My question is that does Modern Arnis lose something by not emphasizing the blade as much as it once did?


----------



## MJS (Apr 14, 2010)

Guro Harold said:


> I mentioned in this thread that in the first generation Modern Arnis videos of the late GM Remy A. Presas, that he demonstrated some of the Anyo stick forms with a bolo. Also, in those early videos and books (the Pink and Yellow books), there were more disarms that incorporated the bolo.
> 
> My question is that does Modern Arnis lose something by not emphasizing the blade as much as it once did?


 
When you say "not emphasizing it as much" are you talking about going into more applications, other than whats already there, ie: espada y daga.  I was under the understanding that the Prof. did not want people to focus on the offensive use of the blade, but rather more defensive.  IMO though, it shouldn't take much for an experienced Modern Arnis student to figure out some offensive moves.


----------



## Guro Harold (Apr 19, 2010)

MJS said:


> When you say "not emphasizing it as much" are you talking about going into more applications, other than whats already there, ie: espada y daga. I was under the understanding that the Prof. did not want people to focus on the offensive use of the blade, but rather more defensive. IMO though, it shouldn't take much for an experienced Modern Arnis student to figure out some offensive moves.
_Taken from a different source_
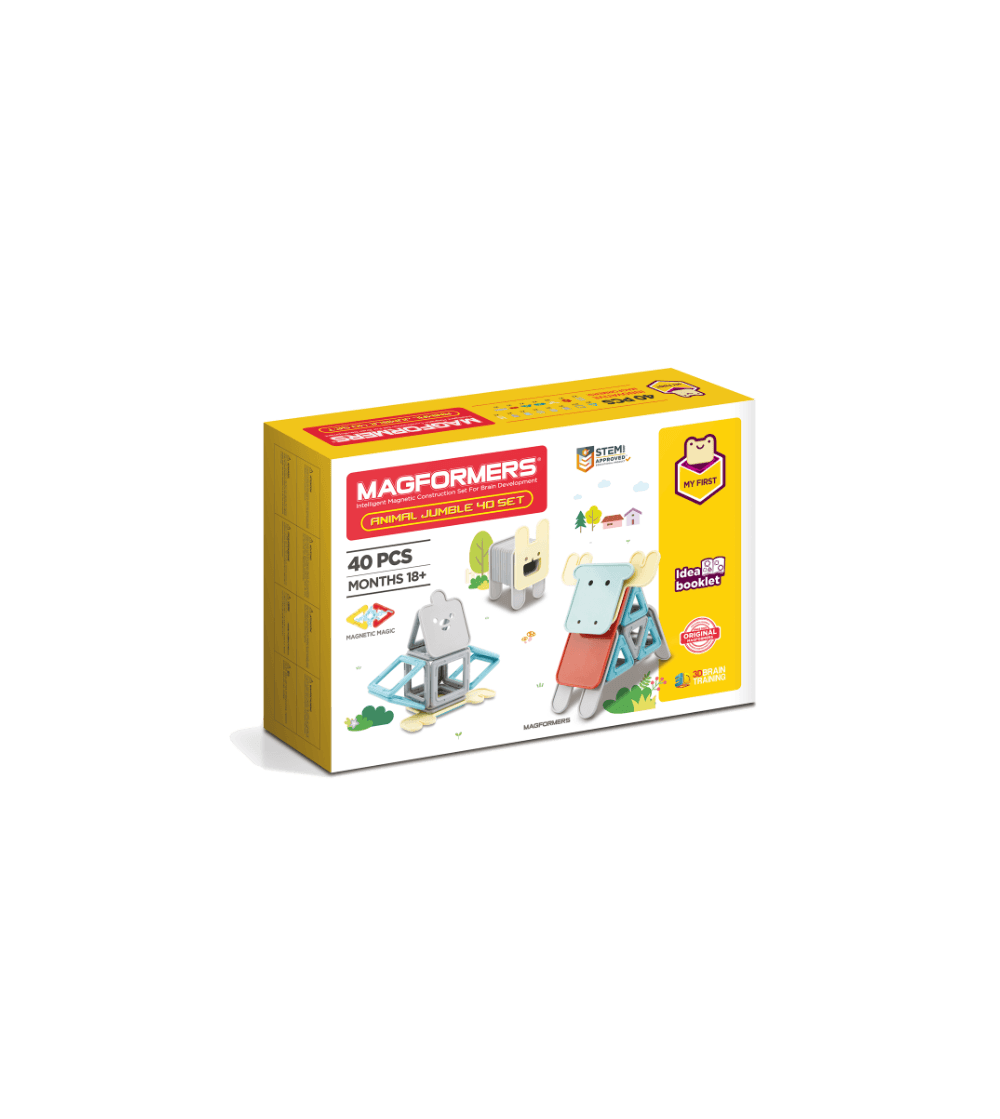 Set magnetic de construit- Magformers Animale, 40 piese - Jucarii magnetice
*Please note* that the post below assume that metal or neoprene trainers are being used.

Actually the techniques that I was thinking of were shown in the Yellow and Pink books and on some of the videos were defensive in nature.
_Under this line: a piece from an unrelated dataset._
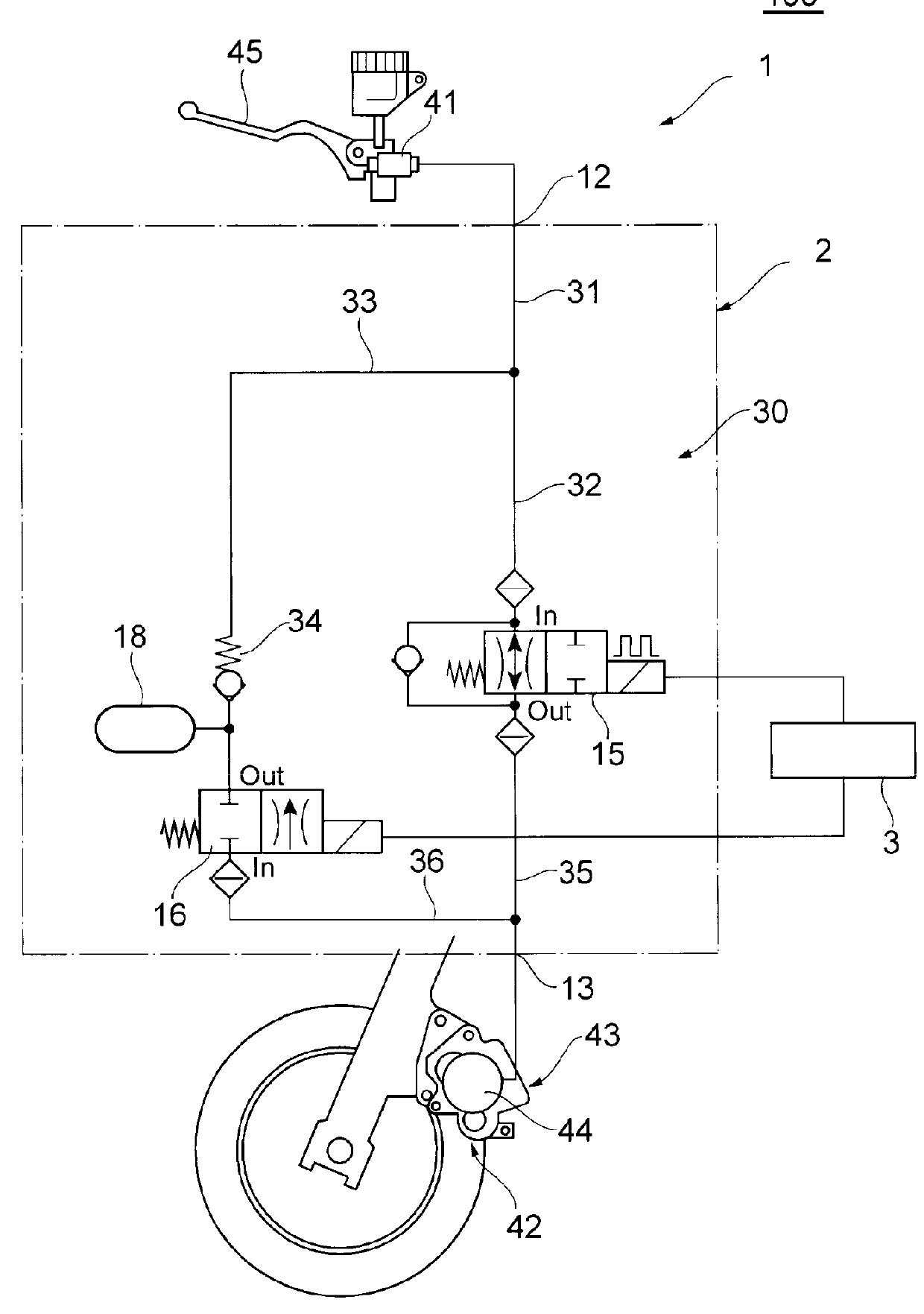 Brake hydraulic pressure control device and Anti-lock brake system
They were executed with blades.

The fact of the matter is that disarms are different with blades as compared to the stick. The practictioner has to be more mindful of body mechanics as well as body parts that could be affected as a result of executing a disarm against a blade.


----------



## DragonMind (Apr 19, 2010)

The problem as I see it is not that Modern Arnis is losing something as it was never really there for most people. My understanding is that Prof Presas deliberately de-emphasized the blade side for a number of reasons including defensive nature and training safety. I would imagine being in the US that legal liability was also in the back of his mind.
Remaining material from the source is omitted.